3. The Imperative and Object-Oriented Paradigms in Scala

In this chapter, we discuss the imperative and object-oriented programming paradigms with examples in Scala.

3.1. Options for running Scala code

In this section, we discuss the different options for running Scala code, including applications and tests.

  • The simplest way to run Scala code fragments is through the Scala REPL (read-eval-print loop). We can launch the Scala REPL and then evaluate definitions and expressions:

    $ scala
    Welcome to Scala 2.12.1 (Java HotSpot(TM) 64-Bit Server VM, Java 1.8.0_102).
    Type in expressions for evaluation. Or try :help.
    
    scala> 3 + 4
    res0: Int = 7
    
    scala> def f(x: Int) = x + 2
    f: (x: Int)Int
    
    scala> f(3)
    res1: Int = 5
    
    scala> val z = f(4)
    z: Int = 6
    
    scala> Seq(1, 2, 3).map(f)
    res2: Seq[Int] = List(3, 4, 5)
    

    This is a very effective, painless way to conduct initial explorations. The drawback of this approach is a lack of support for managed dependencies, which are required for more advanced work.

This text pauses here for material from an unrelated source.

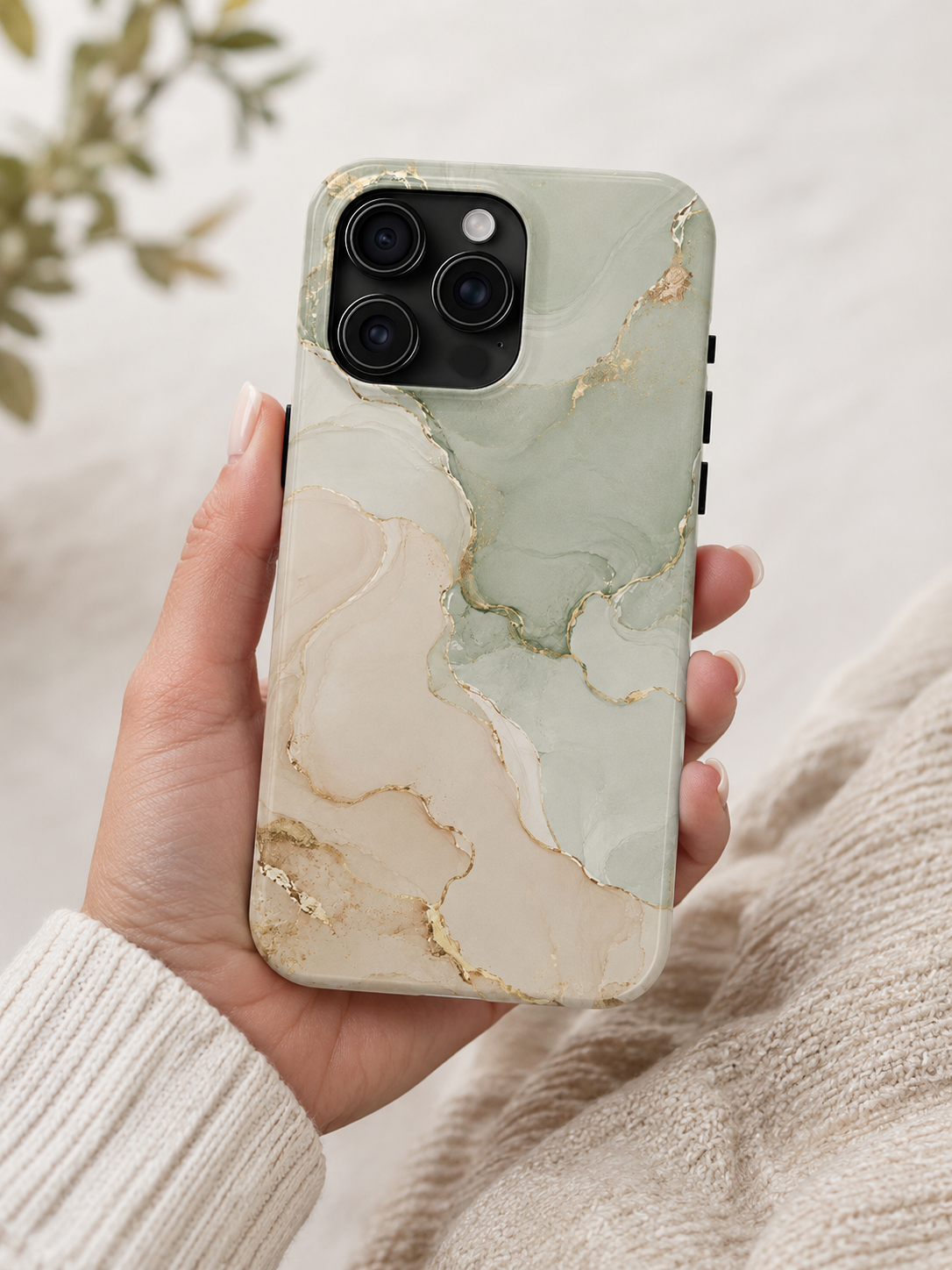 Luxury Sage Green Marble Phone Case | Elegant Neutral Protective Case | iPhone & Samsung Tough Cover | Minimalist Aesthetic Gift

In that case, starting the Scala REPL through sbt as discussed below is a much better choice. Managing the Scala/Java classpath manually is discouraged.

    You can also run simple scripts (with optional command-line arguments) directly through the scala interpreter:

    $ cat > blah.scala
    println(args.toList)
    $ scala blah.scala 1 2 3
    List(1, 2, 3)
    
  • In a Scala IDE such as IntelliJ IDEA, we can run Scala applications (classes/objects with a main method or objects extending the App trait) and Scala tests from within the IDE. To pass command-line arguments to an application, we have to create a suitable run configuration.

  • In IntelliJ IDEA, Scala worksheets are a convenient way to do REPL-style exploratory programming while being able to modify and save all your code. Check out this example, especially the simple option and list examples. For simple testing, you can intersperse assertions within your code. Worksheets can live in any folder and coexist with other code. So you can start exploring something in a worksheet and then move it into your production code when appropriate. The Eclipse Scala IDE has a similar feature.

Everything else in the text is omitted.